Tutto inizia con un sondaggio
La rivoluzione però si è interrotta molto presto. Formalmente, per la scadenza dell’accordo. Nella sostanza, perché le divergenze con The Donald sono diventate sempre più nette. Sui tagli, sulla politica estera, sulla Big Beautiful Bill voluta dal presidente. “Un aumento del deficit da una cifra già folle di 2mila miliardi di dollari sotto Biden a 2.500 miliardi. Questo farà fare al paese bancarotta” ha sentenziato il magnate a chi gli chiedeva come mai fosse così arrabbiato con il suo vecchio amico e alleato. Ma come spesso è accaduto nella sua carriera da imprenditore, Musk non si è accontentato di farsi da parte. Assaporata la “res publica” americana, il magnate di origini sudafricane ha deciso di fare un’altra scommessa. Fondare un suo partito. Ha iniziato con un sondaggio su X, simbolicamente realizzato il 4 luglio, in cui il 65% dei fruitori di X si è detto d’accordo con la nascita dell’America Party. E sfruttando l’onda lunga della sua contrarietà al Big Beautiful Bill di Trump, il creatore di Tesla ha fondato il movimento e in questi giorni ha anche cercato di disegnare una strategia politica.
La risposta di Grok
Un piano di inserimento nella politica Usa partendo dal Congresso. E lo scenario, Musk lo ha fatto “predire” proprio da Grok, l’intelligenza artificiale di X. “Creare un America Party” ha spiegato l’IA, “potrebbe frammentare il voto repubblicano in Stati indecisi come Pennsylvania, Georgia, Arizona, Wisconsin, Michigan e Nevada”. E l’America Party “alle elezioni di Mid-term del 2026, potrebbe far pendere la bilancia tra Camera e Senato a favore dei Democratici, attirando conservatori scontenti (ad esempio, una quota di voti del 5-10% secondo i sondaggi)”. Mentre per le presidenziali del 2028, Grok scommette sulla possibilità che il partito di Musk strappi consensi proprio all’attuale presidente repubblicano. Difficile dire se questa di Musk sia una vera e propria rivoluzione o la fiammata di un uomo potente, ricchissimo e che non disdegna la vita pubblica. Ma intanto, il suo movimento ha già provocato delle reazioni. Sul piano finanziario, quello che poi interessa allo stesso Musk, ieri le azioni di Tesla sono scese di quasi l’8% all’apertura di Wall Street.

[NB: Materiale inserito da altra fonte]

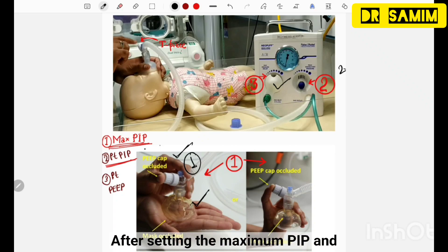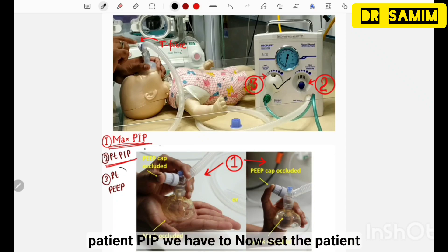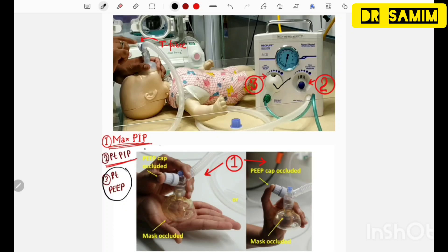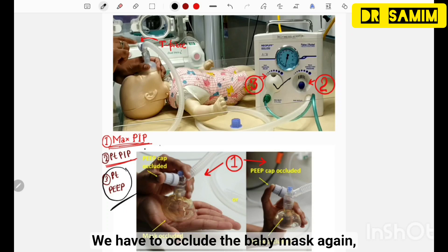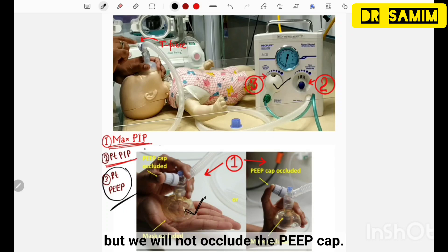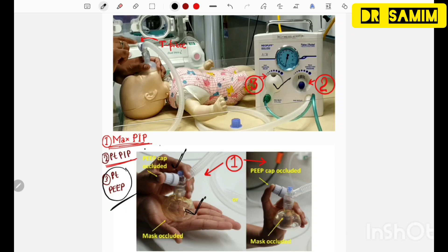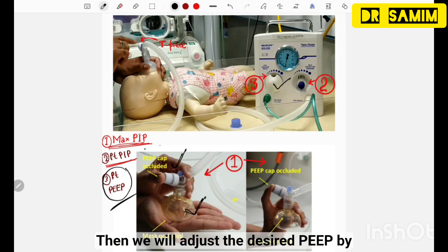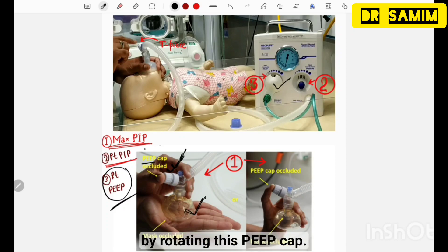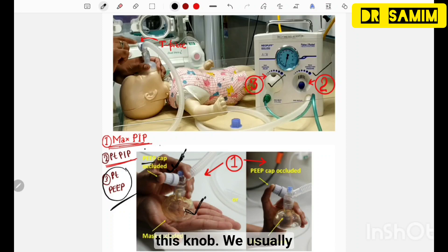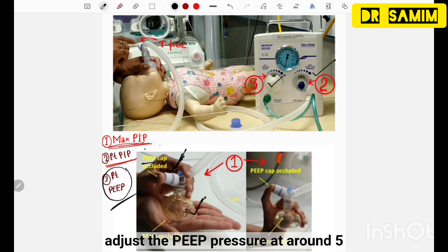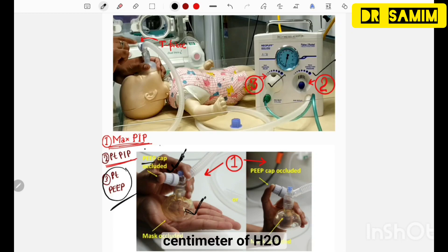After setting maximum PIP and patient PIP, we now set the patient PEEP. To set patient PEEP, first occlude the babymax again but do not occlude the PIP cap. Then adjust the desired PEEP by rotating the PIP cap, without touching the PIP control knob or the pressure release knob. We usually adjust the PEEP pressure at around 5 cmH2O.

Steve Bannon, un tempo il grande stratega e cantore trumpiano, si è rivolto con rabbia al magnate. “Non è americano, è del Sud Africa”, ha tuonato Bannon, chiedendo anche l’espulsione di Musk. Ma la reazione più importante è stata senza dubbio quella del suo ex amico e capo, cioè Trump. “Mi rattrista vedere Elon Musk aver perso il controllo e andare completamente fuori dai binari” ha detto The Donald, che ha anche definito “ridicolo” il fatto di fondare un terzo partito. Che ora però vede anche con timore le mosse del suo vecchio alleato. Quella del terzo partito è una vecchia suggestione della politica Usa. A volte si è dimostrata del tutto velleitaria, altre volte però i terzi candidati hanno avuto un peso nel voto popolare.
Theodore Roosevelt si candidò come indipendente nel 1912 ottenendo milioni di voti. Nel 1968 George Wallace arrivò terzo ma col 13% dei consensi. L’ultimo ad avere un peso rivelante nel voto popolare fu Ross Perot, nel 1992, che prese il 18,9% dei voti pur senza conquistare nemmeno un grande elettore. E nella crisi politica e istituzionale che si vive ormai da anni a Washington tra un Partito repubblicano ormai Maga con Trump anziano e un Partito democratico ancora in cerca di linfa vitale e di un candidato forte, l’America Party di Musk rischia di essere qualcosa di più di una scheggia impazzita.